Thursday, May 15, 2008

Six Flag Marketers are Morons - and Racists

The Six Flags theme parks don't have a clue how to market themselves to the American public. Remember the odd, old guy who did the weird dance a few years ago? A lot of people talked about it, but nobody said anything positive. Perhaps the morons in the Six Flags marketing department subscribe to the philosophy that any publicity is good publicity - even if it's horrible. I totally disagree.

Well now they have a series of commercials on the air in which someone does something not very fun (playing with hand puppets, shining a light on the wall to tease your cat, etc.). There is a graphic of six flags called a "fun-o-meter" at the bottom of the screen. Several of them are posted on YouTube. Take a look if you haven't seen them.

Then the disembodied head of an Asian guy appears in a pop-up circle and yells, "One flag!"

Cut to people riding roller coasters at a Six Flags park. After a moment the Asian head appears again and yells, "More flags. More fun. Six Flags!"

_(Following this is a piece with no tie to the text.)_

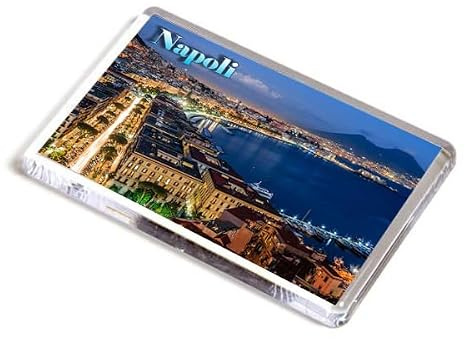 AWS Magnet Napoli Hartplastik Italien Kampanien Meer Fridge Kühlschrankmagnet aus Hartplastik Naples Italy Magnetrahmen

Of course he does this is a horrible, stereotypical accent reminiscent of the old Charlie Chan movies in which a white guy in comical makeup talks in broken Engrish. ("Ah so, number one son...")Why would anyone at Six Flags think this is a good way to advertise their parks? How could anyone actually listen to a presentation of this concept and then go so far as to approve it? Did someone from the agency adopt a phony Japanese accent and yell "More flags!"? Did people smile and say, "yeah, I like that...good job!"? And once they saw the finished spot, why wouldn't a single brain cell fire in anyone's head when it was so obvious that this is just horrible, racist crap?

Oh wait, I forgot. The idiots in the marketing department at Six Flags think any publicity is good publicity. Even if people think you are evil and stupid, Even if people roll their eyes when they talk about your rotten commercial. The problem is, people will go to Six Flags in droves this summer. The parks are incredibly popular. The morons at Six Flags will think it has something to do with their marvelously creative and cutting edge advertising campaign. But it won't. Most people won't even see it or ever know about it. And people don't care enough about things like this to actually boycott the park. Go ahead and pat yourselves on the backs, Six Flags marketers. You're clueless anyway, so tell yourselves lies.

Six Flags...More Dumb!

Poor Choice of Words

I don't watch America's Next Top Model. The few clips I've see of the program are painful enough to watch. I can't image what it would be like to try and watch an entire episode - or season. Bored, I was watching the E! television network - and of course, coverage of the season finale of the show was very prominent.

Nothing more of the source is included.